=== Task brief ===
Copy every entry in the listing below exactly, but not the pictures.

[Start of section]

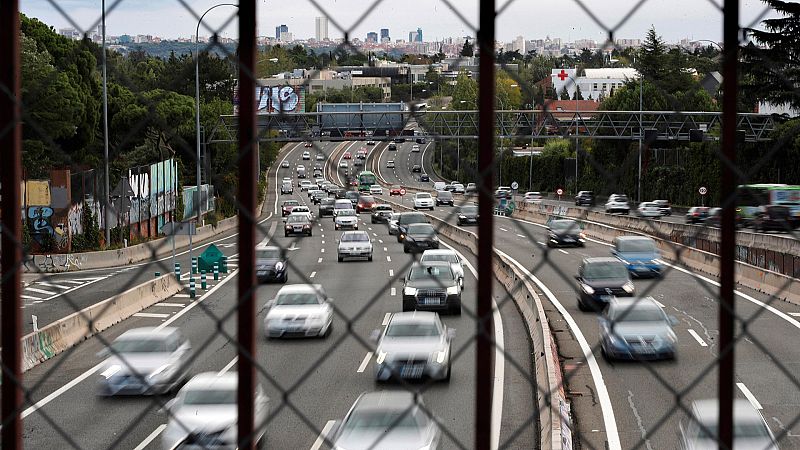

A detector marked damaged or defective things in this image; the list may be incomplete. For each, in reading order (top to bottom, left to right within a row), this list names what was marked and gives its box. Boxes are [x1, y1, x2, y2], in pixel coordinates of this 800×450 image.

rusty metal fence post [0, 0, 22, 446]
rusty metal fence post [238, 1, 260, 448]
rusty metal fence post [476, 0, 494, 446]
rusty metal fence post [720, 1, 740, 448]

[End of section]

=== Solution below ===
A detector marked damaged or defective things in this image; the list may be incomplete. For each, in reading order (top to bottom, left to right within a row), this list names what was marked and gives its box. Boxes are [x1, y1, x2, y2], in pixel coordinates of this 800×450 image.

rusty metal fence post [0, 0, 22, 446]
rusty metal fence post [238, 1, 260, 448]
rusty metal fence post [476, 0, 494, 446]
rusty metal fence post [720, 1, 740, 448]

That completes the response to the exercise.